Ich versuchte, mich auf den Unterricht zu konzentrieren, doch es gelang mir nur teilweise. Ich strich gerade über die Falten meines Rockes, als eine laute Sirene des Rauchmelders uns alle aufschrecken ließ. Ich riss die Augen auf und erhob mich langsam von meinem Stuhl. Alles wurde wie in einem Traum, ich rührte mich nicht vom Fleck. Ich wäre womöglich dort stehen geblieben. Wenn nicht Claire von hinten gekommen wäre und mich in Richtung Tür geschoben hätte. Wir waren einer der ersten, die aus dem Klassenzimmer strömten, doch ich verlor Claire in den Massen meiner Mitschüler und blieb einfach stehen. Ich sah das Feuer, wie es aus dem gegenüber liegendem Gang in fünf Meter Abstand auf uns zu loderte. Es waren helle Flammen und sie züngelten die Wand hoch und leckten über den glatten Flurboden. Sie sahen aus wie lichterlohe Blätter, wie zischende Schlangen, wie flatternde Vögel. Ich starrte das Feuer an und sah es immer näher kommen. Ich sah es, doch ich konnte mich nicht rühren.
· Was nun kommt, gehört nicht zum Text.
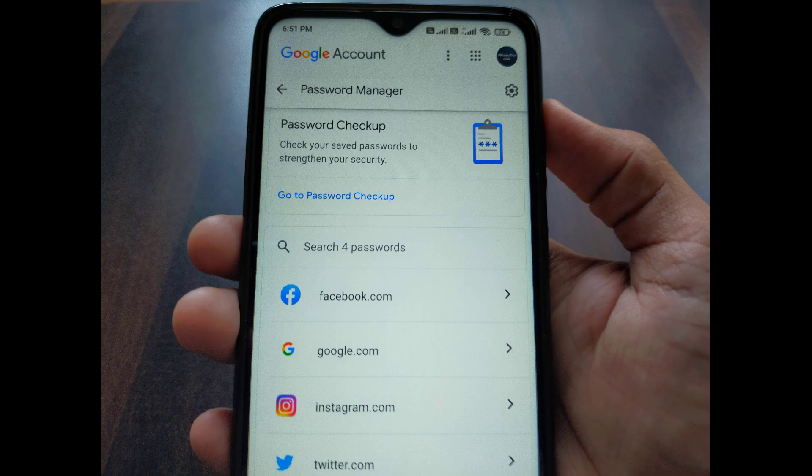Hello guys, in this video I will be showing you how to view saved passwords on your Google account. Here I will show you on a mobile device, but it works on any device.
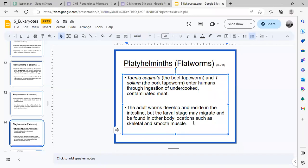Dog tapeworms reside in the intestines, but in the larval stage they may be found in skeletal and smooth muscle. When humans eat undercooked meat from an infected pig, the larval stage of the tapeworm is ingested.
Alle rannten rechts aus dem Gebäude und ich drehte mich zu ihnen um. Ich sah sie mit müden und zugleich verschreckten Augen an. Doch dann geschah es. Damals war ich 14 Jahre alt. Ein Junge aus meiner Klasse rannte verstört und mit tränenden Augen aus dem Klassenzimmer, holte mit seinem kräftigen Arm aus und stieß mir damit versehentlich in die Rippen. Er rannte zum Ausgang, stieß die Türe auf und drehte sich nicht um. Die Türe fiel für einen kurzen Moment zu, bis sie der Nächste wieder aufstieß und sie sich für eine Weile nicht schließen würde, vor lauter Schülern, die hinausströmten. Und damit flog ich von der Wucht des Schlags rücklings in die Flammen. Ich spürte unbeschreiblichen Schmerz an meinen Fingern, im Gesicht, und meine Lunge brannte von dem scharfen Rauch. Ich hustete und krabbelte ein Stück vorwärts, lehnte meinen Kopf an die Wand und schrie gellend auf, während ich das Gesicht verzog. Der Schmerz war zu groß. Ich spürte, wie die Wärme und mit ihr die Flammen von hinten näher kamen und dann spürte ich gar nichts mehr.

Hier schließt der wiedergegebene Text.